When your mixture hits 180 degrees, remove it from the heat and pour it through a strainer into a separate bowl.  Now dump in the chocolate and continue to whisk until all of the chocolate is melted, leaving you with smooth, velvety perfection.

Now, if you want to get fancy,  dump that velvety perfection into your food processor and process for about a minute.  This tip comes from Dorrie Greenspan, and results in a silkier, slightly airier pudding (i.e., more perfect than before).  We thought this step made the texture a bit closer to mousse (not as airy as mousse, but silky like mousse), which we were very happy to discover.

Pour the pudding directly from the food processor into small bowls or ramekins.  Be timid with the portions – this stuff is rich!

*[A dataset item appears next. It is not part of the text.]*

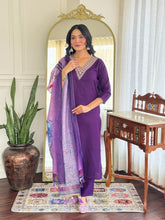 Women’s Purple Embroidered Kurta Set with Printed Dupatta & Pants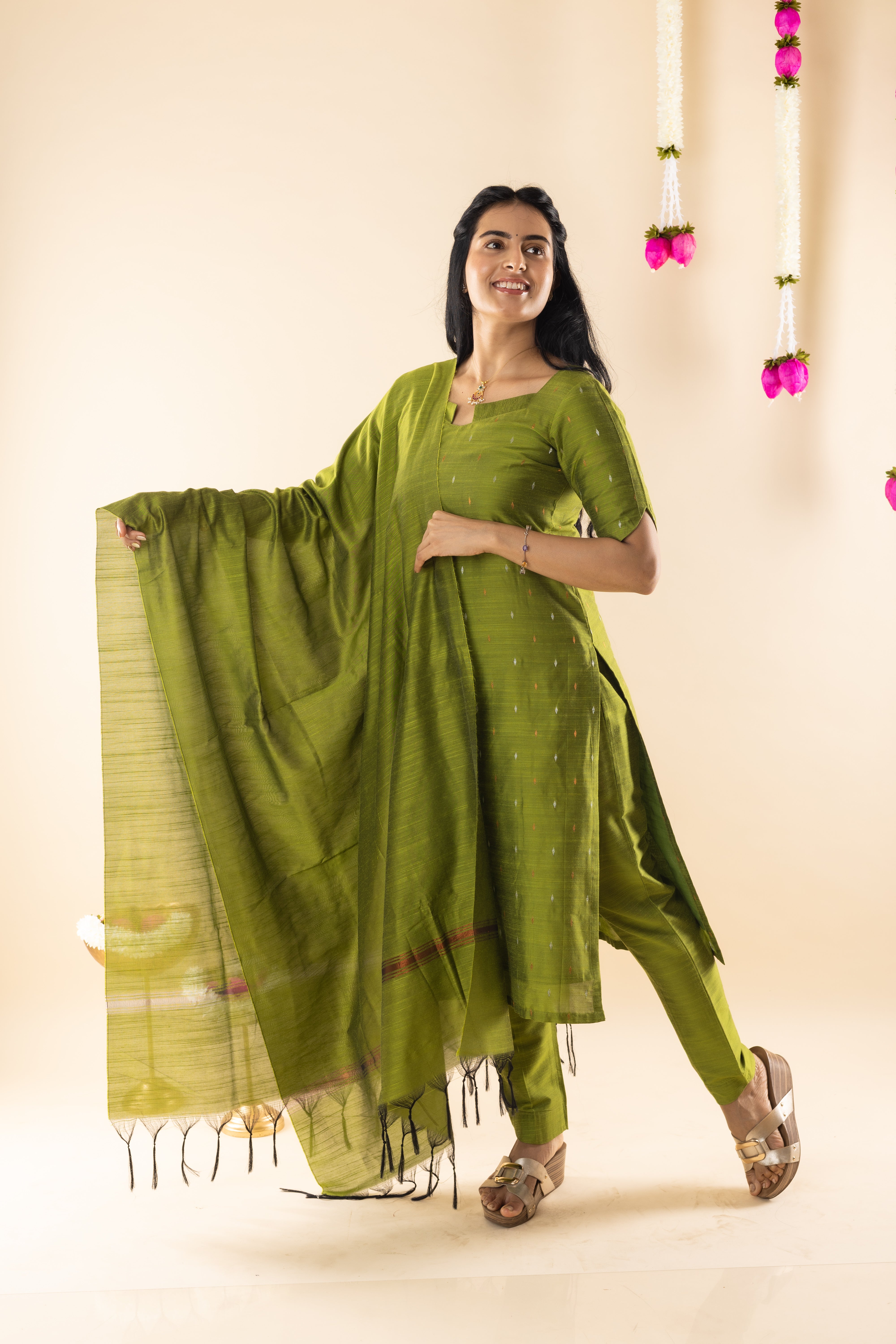 Pragya - Green Dupion Silk Kurta Set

Oh, and if you’re not a fan of pudding skin, immediately place plastic wrap over and on the surface of the pudding.  Let the pudding cool in the fridge for at least three hours, or overnight. (Editor’s note: We’ve actually found that we prefer this pudding just slightly chilled; so, if you have refrigerated it, take it out and let it sit on the counter for at least half an hour before digging in – if you can wait!)

This pudding is very smooth and stick-to-a-spoon thick.  It is rich, but not too sweet, has just the right amount of chocolate flavor, and the vanilla undertones from the fresh vanilla seeds add an extra layer of depth.  If you love chocolate, well, this one is a no-brainer.

What other chocolate dessert should we try?  Before you close this window, add a comment below and tell us what we should make next!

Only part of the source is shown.